»»

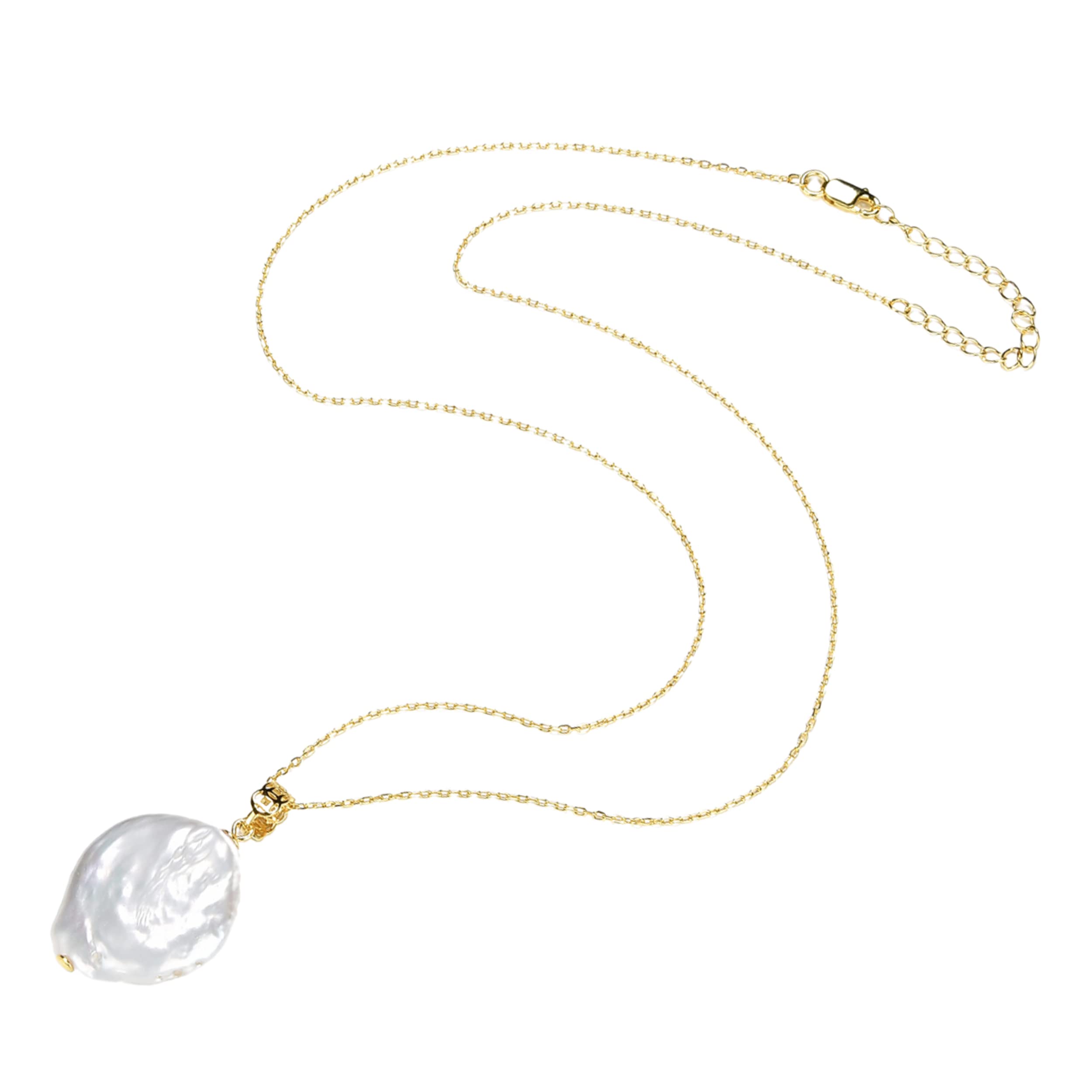 D'SIRE D'LIGHTFUL. D'AMOND. D'SIGNS.Pearlz Ocean Natural Healing Gemstone Crystal 18 Inch Long Handmade 925 Sterling Silver Pendant Necklace for Women Girls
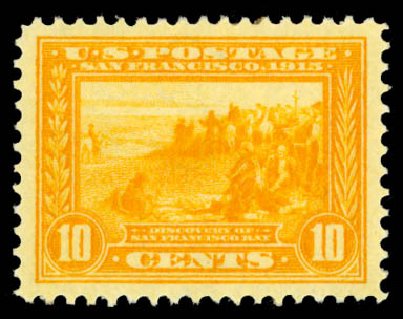 Prices of US Stamp Scott Cat. # 400: 10c 1913 Panama-Pacific Exposition. Daniel Kelleher Auctions, Dec 2013, Sale 640, Lot 359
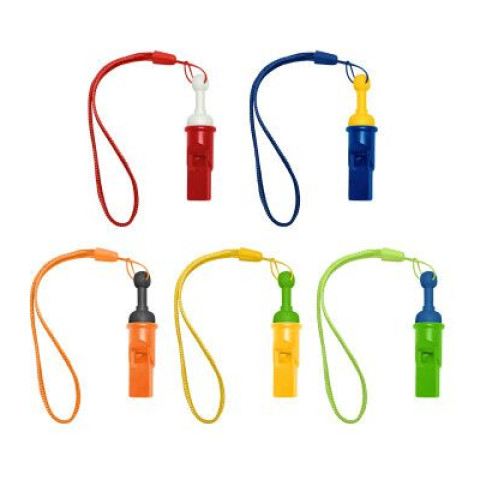 Свисток спортивный с ремешком, в пак. 10*7см, Tigres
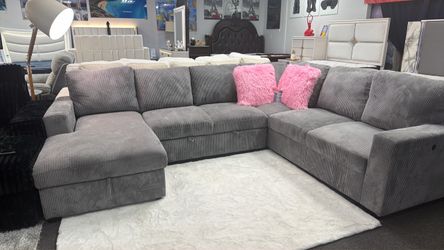 Amazing Deal🚨Gorgeous Pull Out Sleeper Sectional On Sale $1599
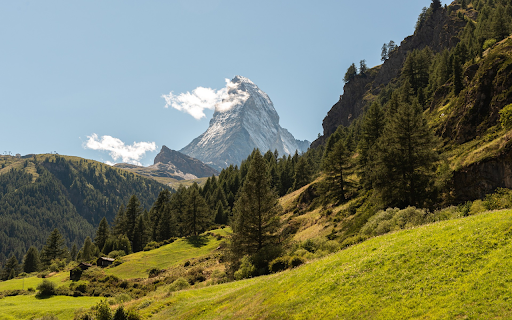 Natural mountains and forests screenshot 1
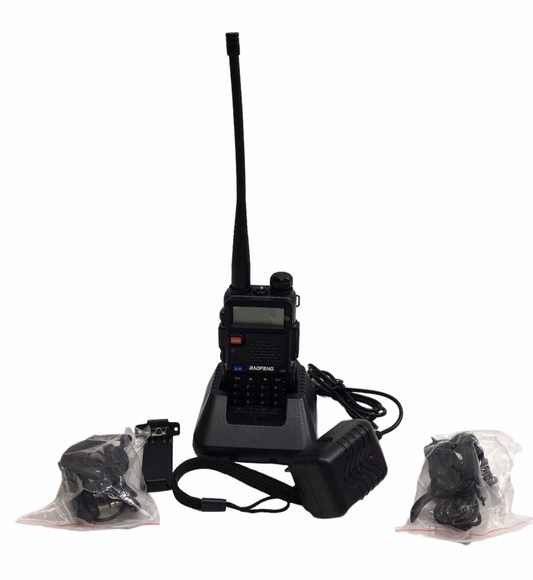 Baofeng UV-5R VHF UHF Dual-Band Ham 5W Portable Two-way Radio Walkie Talkie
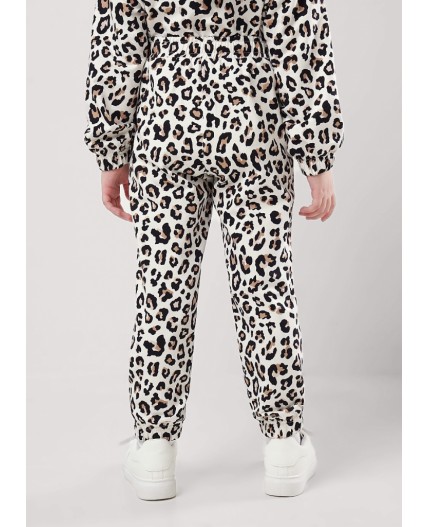 CLE Брюки дев. 857034ун, молочный/чёрный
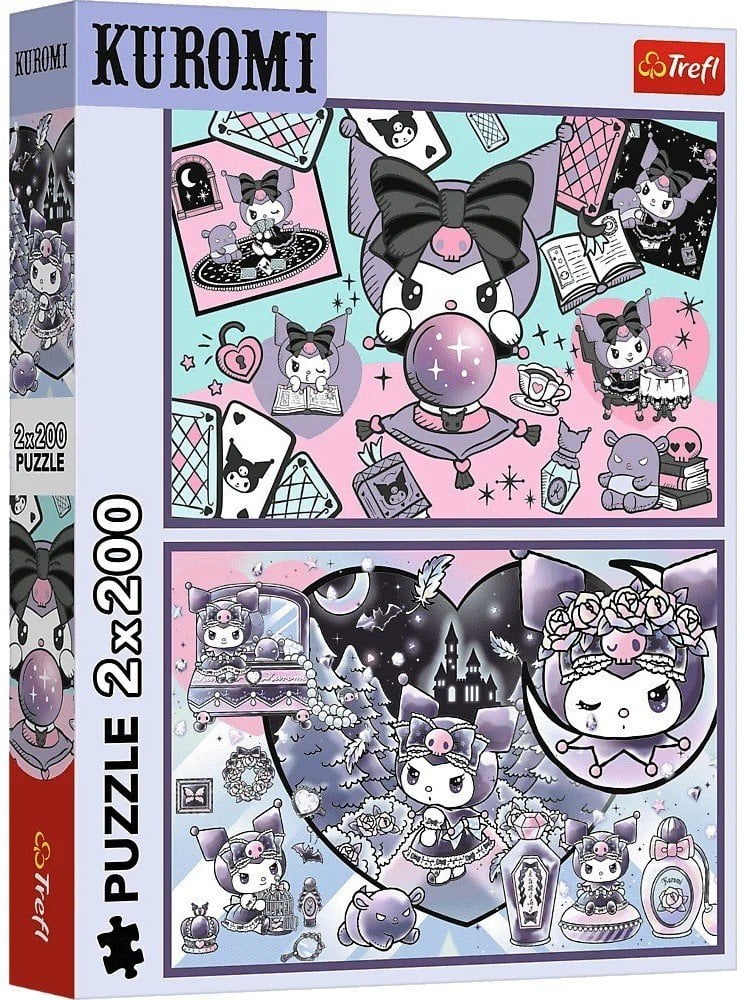 Trefl Puzzle Psoty Kuromi 2x200 elementów (13345)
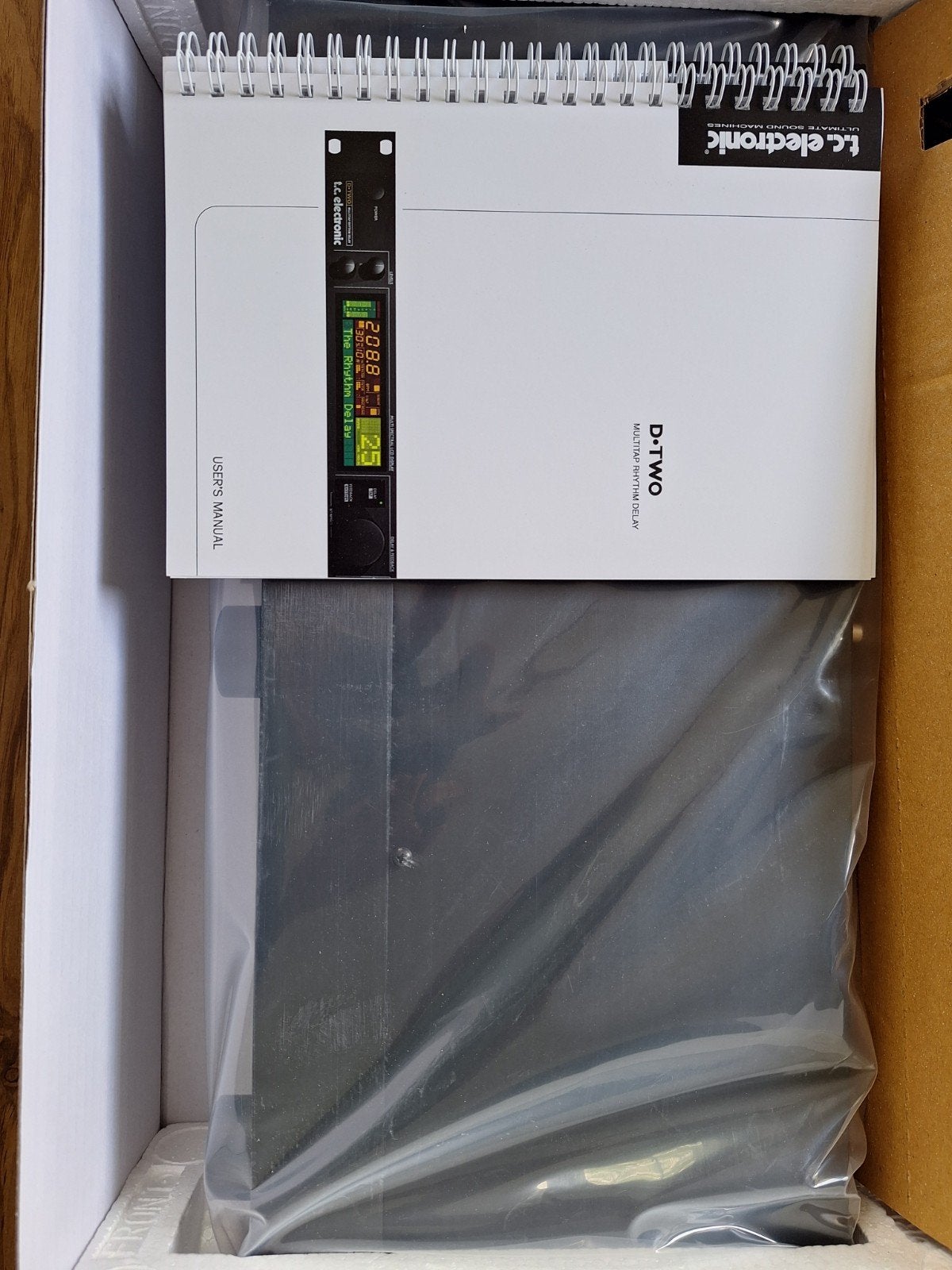 T.C. Electronic D-Two Multitap Rhythm Delay NIEUW in doos, Ophalen of Verzenden, Nieuw, Delay of Echo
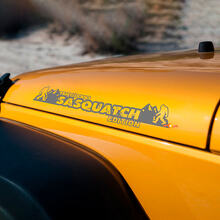 Autocollants vinyles personnalisés de capot édition Sasquatch pour Jeep Wrangler_2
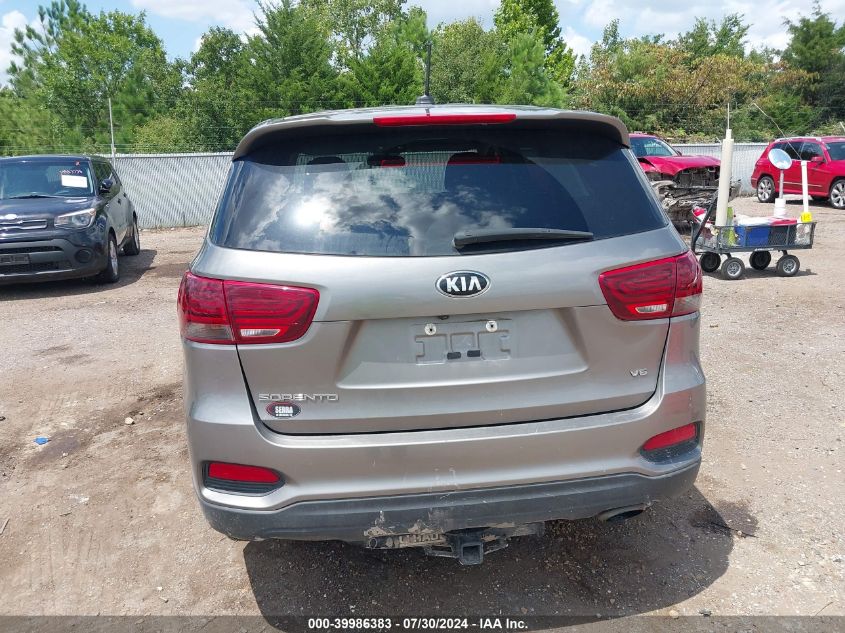 2019 Kia Sorento 3.3L Lx VIN: 5XYPGDA55KG508375 Lot: 39986383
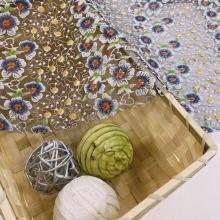 Exquisite Printed Embroidery  On Poly Mesh Fabric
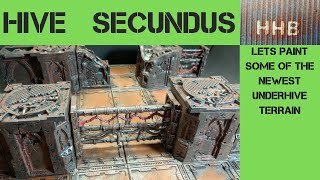 Painting HIVE SECUNDUS terrain  Ep87d [upl. by Cheng]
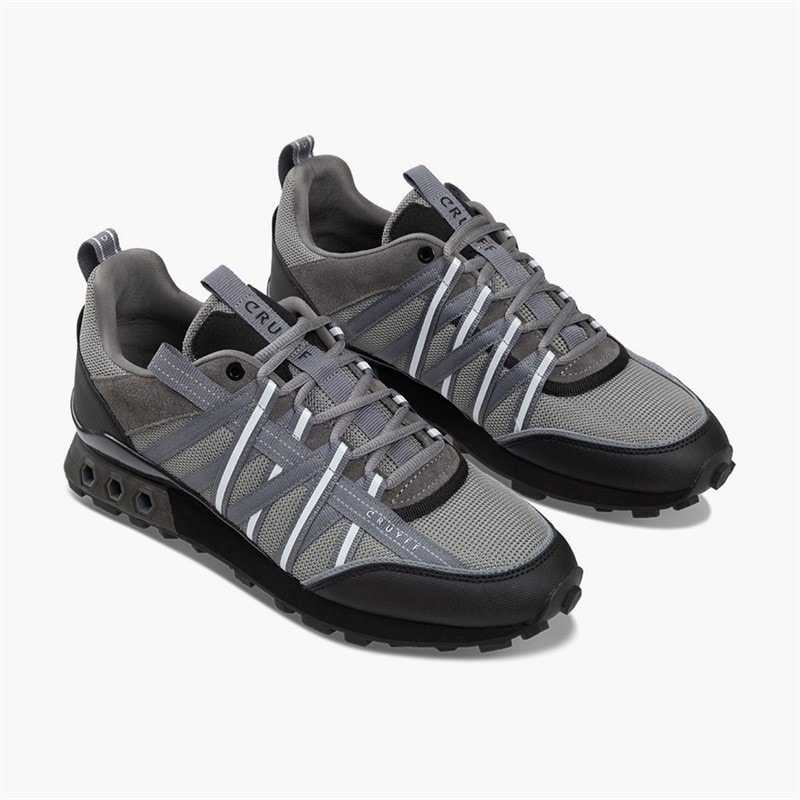 Cruyff Heren Fearia Eclipse Trainers Grijs/Silver - Afbeelding 4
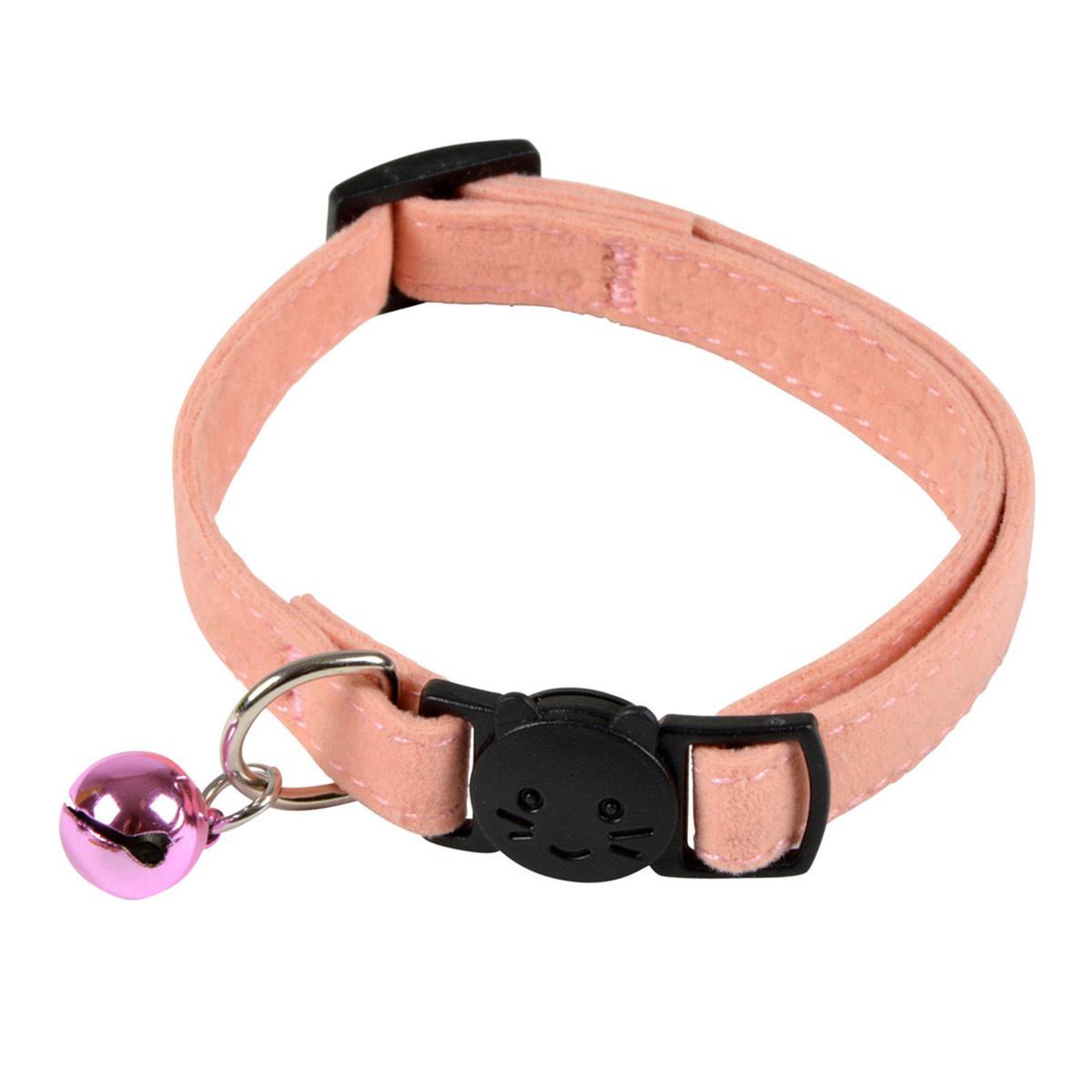 LOVE STORY Collier anti-étranglement pour chat  boho  30cm rose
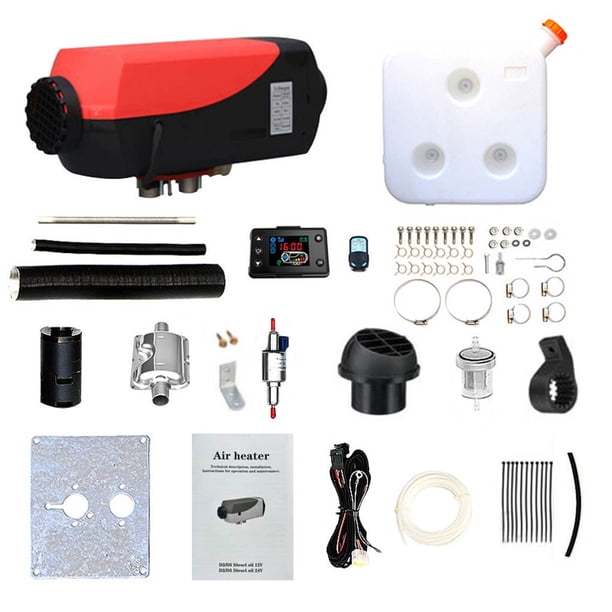 Riwesomey Calentador de aire Coche Camión Autobús 24V 5KW Pantalla LCD Ventana de control remoto Descongelación Automoción decorativa y accesorios No.02 Riwesomey VI000467-02B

««

Exclude images. Return the data above verbatim.

- _WRITTEN REPLY_
 D'SIRE D'LIGHTFUL. D'AMOND. D'SIGNS.Pearlz Ocean Natural Healing Gemstone Crystal 18 Inch Long Handmade 925 Sterling Silver Pendant Necklace for Women Girls
 Prices of US Stamp Scott Cat. # 400: 10c 1913 Panama-Pacific Exposition. Daniel Kelleher Auctions, Dec 2013, Sale 640, Lot 359
 Свисток спортивный с ремешком, в пак. 10*7см, Tigres
 Amazing Deal🚨Gorgeous Pull Out Sleeper Sectional On Sale $1599
 Natural mountains and forests screenshot 1
 Baofeng UV-5R VHF UHF Dual-Band Ham 5W Portable Two-way Radio Walkie Talkie
 CLE Брюки дев. 857034ун, молочный/чёрный
 Trefl Puzzle Psoty Kuromi 2x200 elementów (13345)
 T.C. Electronic D-Two Multitap Rhythm Delay NIEUW in doos, Ophalen of Verzenden, Nieuw, Delay of Echo
 Autocollants vinyles personnalisés de capot édition Sasquatch pour Jeep Wrangler_2
 2019 Kia Sorento 3.3L Lx VIN: 5XYPGDA55KG508375 Lot: 39986383
 Exquisite Printed Embroidery  On Poly Mesh Fabric
 Painting HIVE SECUNDUS terrain  Ep87d [upl. by Cheng]
 Cruyff Heren Fearia Eclipse Trainers Grijs/Silver - Afbeelding 4
 LOVE STORY Collier anti-étranglement pour chat  boho  30cm rose
 Riwesomey Calentador de aire Coche Camión Autobús 24V 5KW Pantalla LCD Ventana de control remoto Descongelación Automoción decorativa y accesorios No.02 Riwesomey VI000467-02B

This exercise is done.